As a partner, Lu Chi was amazed by DeepSeek last June. "DeepSeek excels in Chinese comprehension—it was the only large model at that time capable of flawlessly reciting the full 'Yueyang Tower Inscription.'" Lu Chi told Zimubang, compared to other models' conventional, rigid document-style outputs, DeepSeek wins in imagination when teaching children essay writing.
Long before DeepSeek went viral on social media for writing poems and sci-fi stories, its elegant writing style already caught Xiaochuang AI team's attention.
For developers, they still hope DeepSeek restores access. For now, whether migrating to BAT platforms deploying full-featured DeepSeek R1 or switching to other large model vendors, both feel like "substitutes resembling the original."
Three
But competitors are quickly catching up to DeepSeek's breakout strength in deep reasoning.
Domestically, Baidu and Tencent have recently added deep thinking capabilities to their self-developed large models. Internationally, OpenAI urgently launched "Deep Research" in February, applying reasoning model capabilities to web search, available to Pro, Plus, and Team users. Google DeepMind also released the Gemini 2.0 series in February, including the experimental 2.0 Flash Thinking version—a model enhanced for reasoning ability.
Worth noting: While DeepSeek still focuses primarily on text input, both ChatGPT and Gemini 2.0 already incorporate reasoning into multimodal capabilities, supporting multiple input modes including video, voice, documents, and images.
For DeepSeek, beyond catching up in multimodal capabilities, an even bigger challenge comes from competitors closing in on pricing.
On the cloud deployment side, major cloud providers are choosing to integrate DeepSeek, simultaneously sharing traffic while binding customers through cloud services. In some ways, accessing DeepSeek's large model has even become a "freebie" to lock in enterprise cloud service subscriptions.
Baidu founder Robin Li recently stated that in the large language model field, "every 12 months, inference costs can drop by over 90%."
With inference costs steadily declining, continuously lower API calling prices from BAT are inevitable. DeepSeek's cost-performance advantage now faces renewed price war pressure from tech giants.
Still, the large model API price war is just beginning. Beyond pricing, large model vendors are now competing on service quality for developers.

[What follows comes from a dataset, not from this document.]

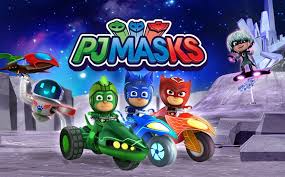 Free Pj Masks Racing Heroes Game App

Having interacted with numerous large model platforms big and small, Lin Sen was particularly impressed when a major tech firm assigned a dedicated account manager. Whenever instability or technical issues arose, they proactively contacted developers.
Despite being an open-source large model platform aiming to provide more inclusive AI support for developers, DeepSeek doesn't even offer an invoice issuance portal on its official website.
"After each API top-up, unlike other large model platforms where invoices can be issued directly in the backend, DeepSeek requires going outside the official site, adding customer service WeChat to request invoices," Yang Huichao told Zimubang. Whether regarding price or service, DeepSeek's 'cost-effective' label seems increasingly shaky.
A senior AI product manager at a major tech firm told Zimubang that some internet company leaders insist on replacing existing models with DeepSeek, completely ignoring the time spent re-adjusting prompts. Moreover, even the full-featured DeepSeek R1 lacks support for many common capabilities such as Function calling.
Compared to BAT, which has already streamlined B2B service scenarios via cloud services, DeepSeek still lags behind major AI players in convenience.
Yet DeepSeek's traffic effect hasn't faded yet, and newcomers keep arriving.
Some companies claim integration with DeepSeek merely because they started calling APIs and topped up a few hundred yuan. Some announce deployment of DeepSeek models but actually just had employees watch Bilibili tutorials and install one-click packages. Amid this DeepSeek craze, the scene is mixed with both genuine and fake participants.
The tide will eventually recede, but clearly, DeepSeek has much more work to do.